Okay, so today I decided to tackle this crispy chicken alfredo thing I’ve been seeing all over the internet. Figured, why not? I mean, who doesn’t love crispy chicken and creamy pasta? Let me tell you how it went, step by step.
Getting Started
First things first, I gathered my ingredients. I already had some chicken breasts, so that was good. I grabbed some flour, eggs, and panko breadcrumbs for the crispy coating. For the alfredo, I needed heavy cream, butter, parmesan cheese, garlic (because, duh), and some fettuccine pasta. It is basic.
Making the Crispy Chicken
- I cut the chicken breasts into smaller, cutlet-like pieces. Made them thinner so they’d cook faster and get extra crispy.
- Then, I set up my breading station: one bowl with flour, one with beaten eggs, and one with the panko. It is important to keep them seperate.
- I dredged each chicken piece in the flour, then dipped it in the egg, and finally coated it well with the panko. I pressed the breadcrumbs on a bit to make sure they stuck.
- I heated up some oil in a large pan over medium-high heat. You want enough oil to kind of shallow-fry the chicken.
- Once the oil was hot, I carefully placed the chicken in the pan, making sure not to overcrowd it. I cooked them for about 4-5 minutes on each side, until they were golden brown and cooked through.

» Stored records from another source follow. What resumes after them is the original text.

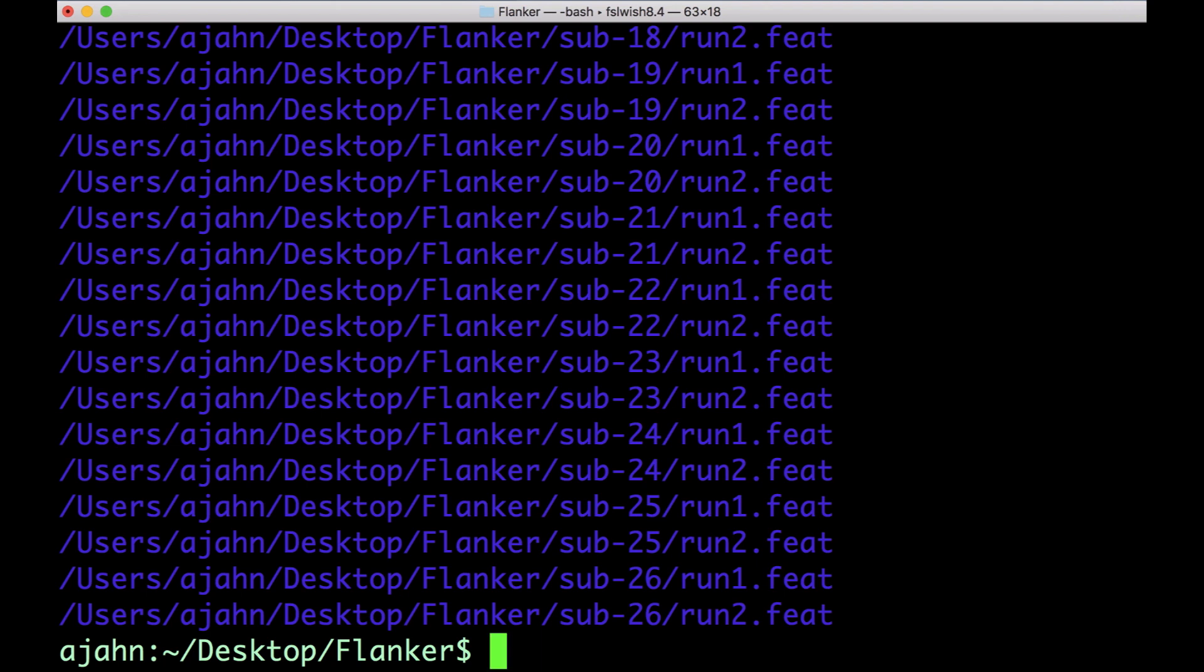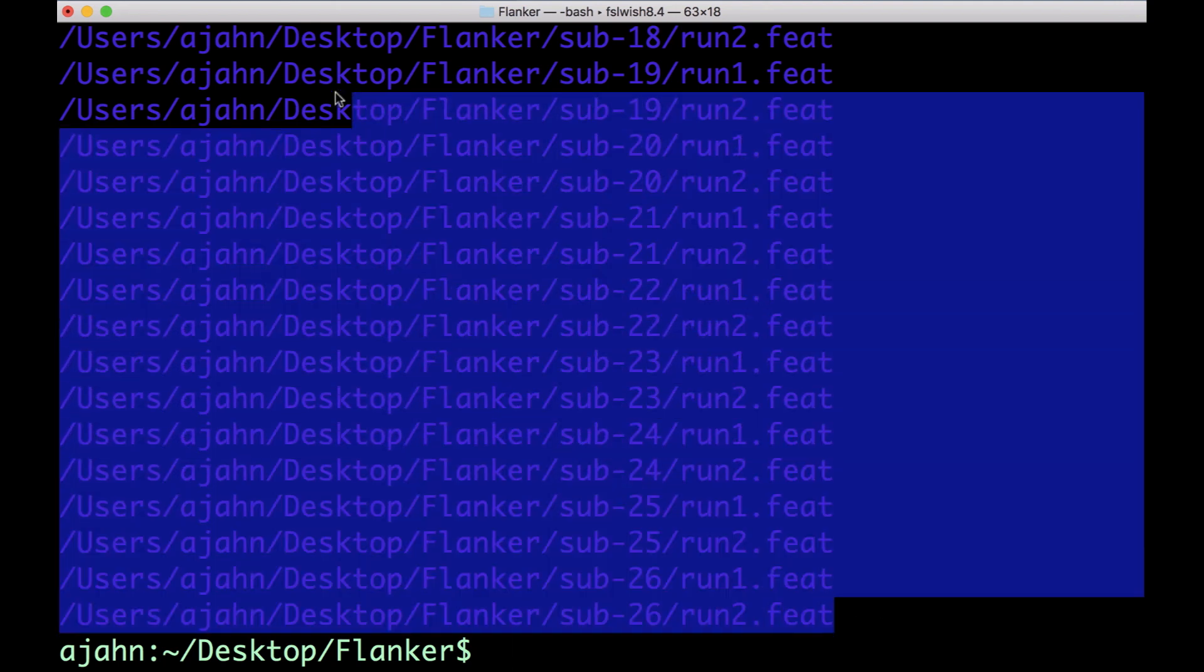This creates a list with 52 entries, one corresponding to each run for each subject in the study.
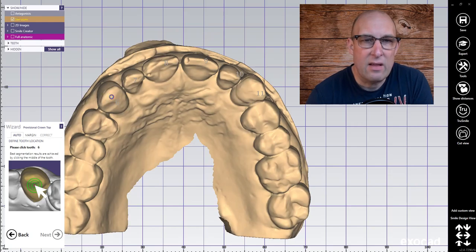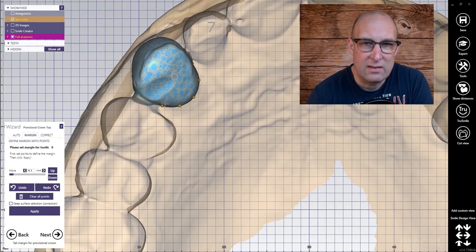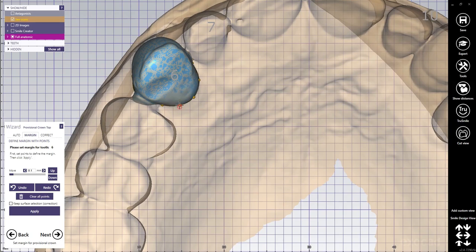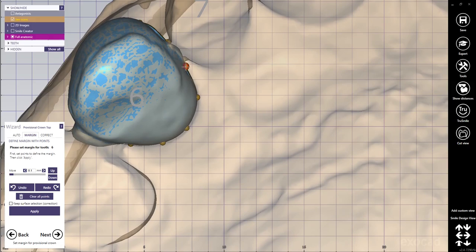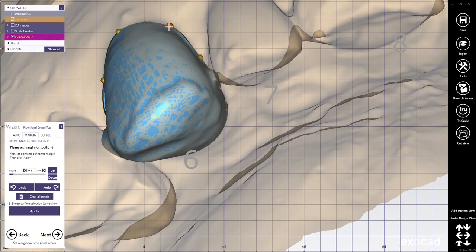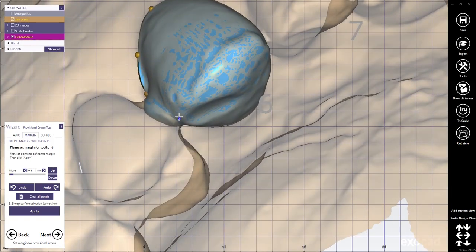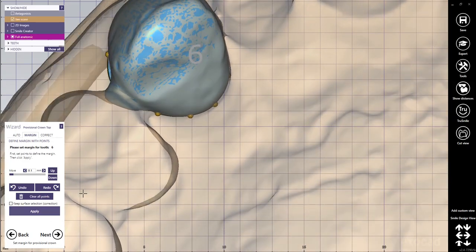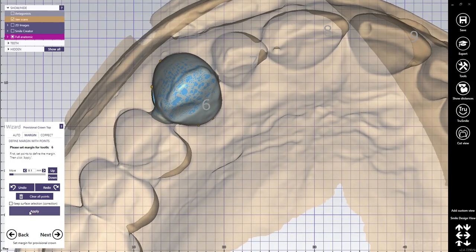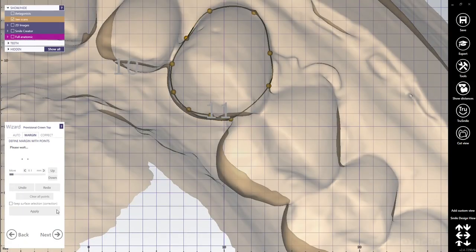Here in the provisional crown top I'm selecting one tooth in the occlusal surface. You see these little balls on the gingival side — I'm bringing them in a little bit so the distortion is getting eliminated. Don't bring them in too much, otherwise the crown gets too small and you get parts missing. Click apply. I'm going to do this for every other tooth, from 6 to 11.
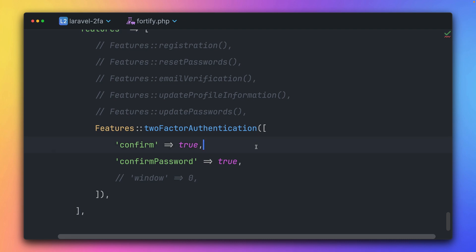And you can also define if you need to confirm when you want to enable two-factor authentication, and if you need a password in order to get to the two-factor authentication settings. So these are two things that you can define here. But that's basically it. That's how easy it is now to set up two-factor authentication in your Laravel starter kits.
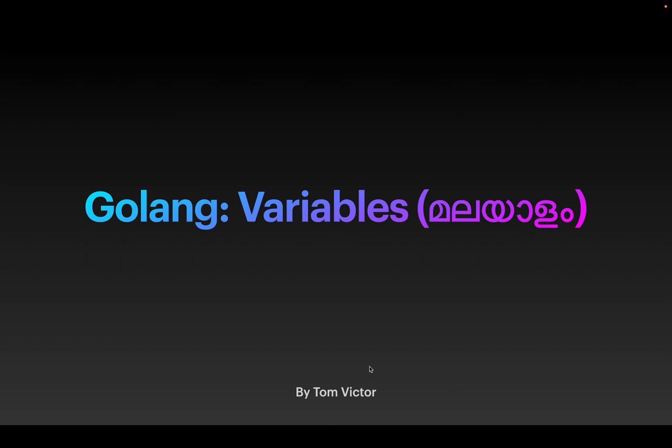Hi friends, welcome to my YouTube channel. Today we will be discussing variables in Golang, and this is the second part of our Golang series. If you haven't seen the first video, please check it out. Let's start the video.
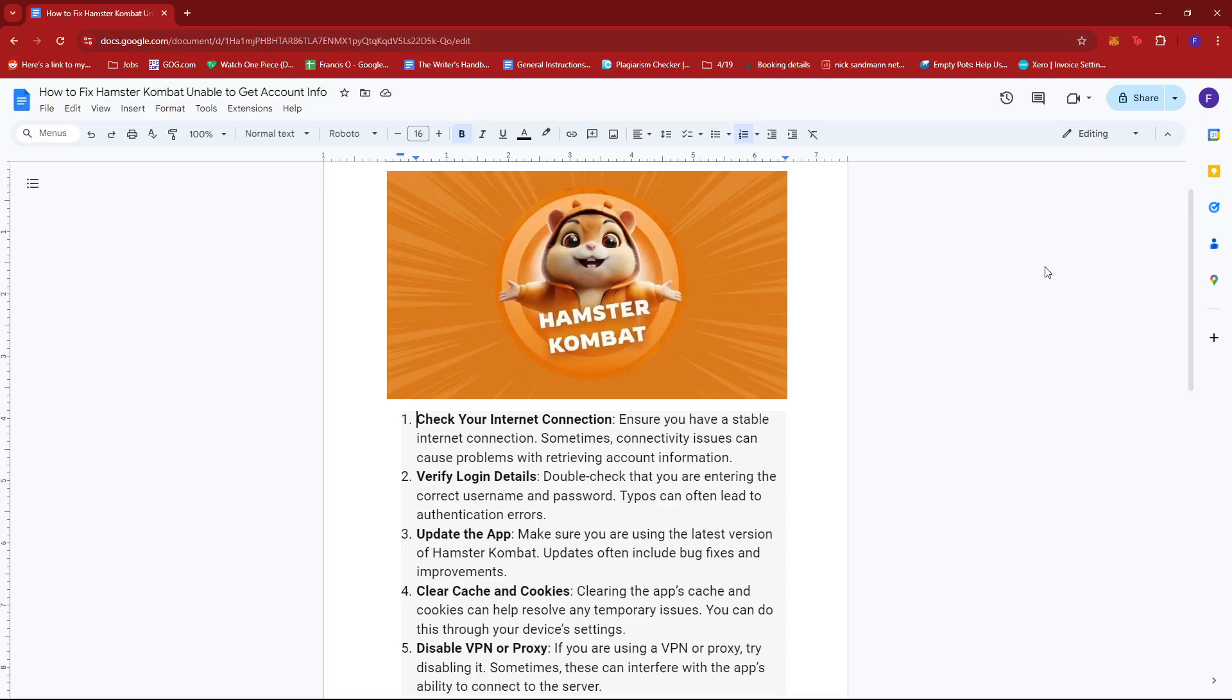One of them is of course by checking your internet connection. You can try to restart your Wi-Fi or maybe use a different connection such as mobile data.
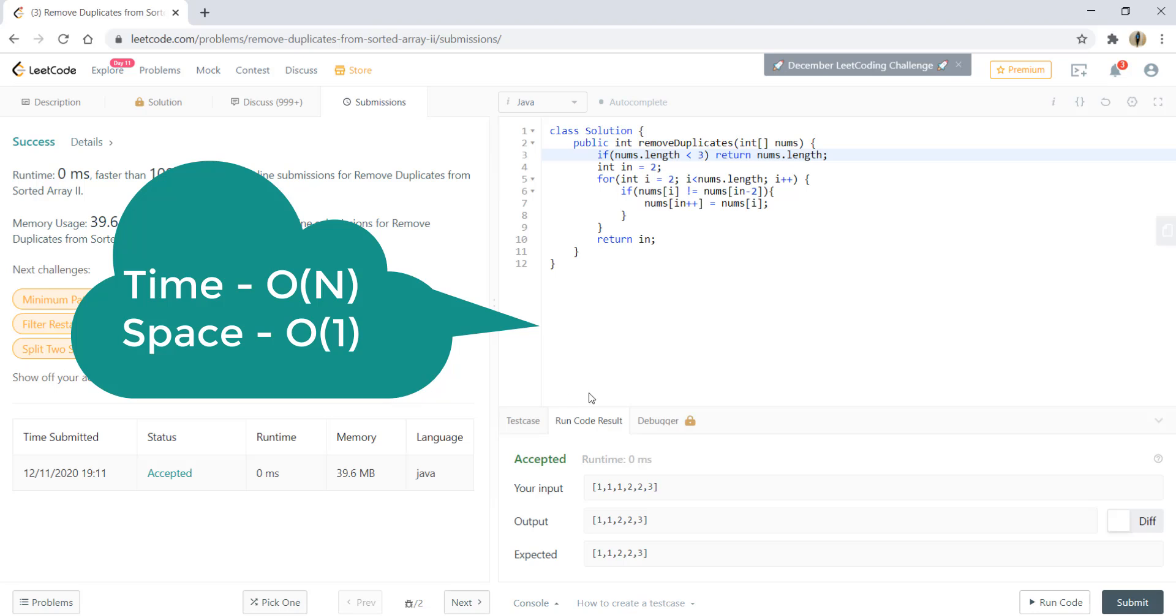The time complexity for this algorithm is O(n) and the space complexity is O(1), as we're not using any extra space. Thanks for watching the video. See you in the next one.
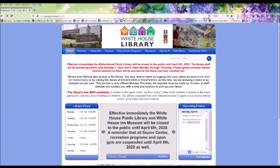Hi, this is Janet with the White House Public Library, and today I'm going to show you how to access your library account from our website, and if you don't have a library card, you can apply for a card here as well.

- After they were done, I took the chicken out of the pan and put in on to a plate with paper towels to drain off any extra oil.
Whipping Up the Alfredo Sauce
While the chicken was resting, I started on the sauce:

- I melted a good chunk of butter in the same pan I used for the chicken (less cleanup!). Added some minced garlic and cooked it for about a minute until it smelled amazing.
- Then, I poured in the heavy cream and let it simmer for a few minutes, stirring occasionally. It started to thicken up a bit.
- I reduced the heat to low and stirred in a generous amount of grated parmesan cheese. Kept stirring until the cheese was melted and the sauce was nice and smooth.
- Lastly,add some salt and pepper.
Putting It All Together
Almost there! I cooked the fettuccine pasta according to the package directions. Once it was done, I drained it and added it to the pan with the alfredo sauce. Tossed it all together to coat the pasta.
Finally, I sliced the crispy chicken and arranged it on top of the pasta. And that’s it! Crispy chicken alfredo, done.
Honestly, it turned out pretty great! The chicken was super crispy, and the alfredo sauce was rich and creamy. Definitely a winner in my book. My families loved it.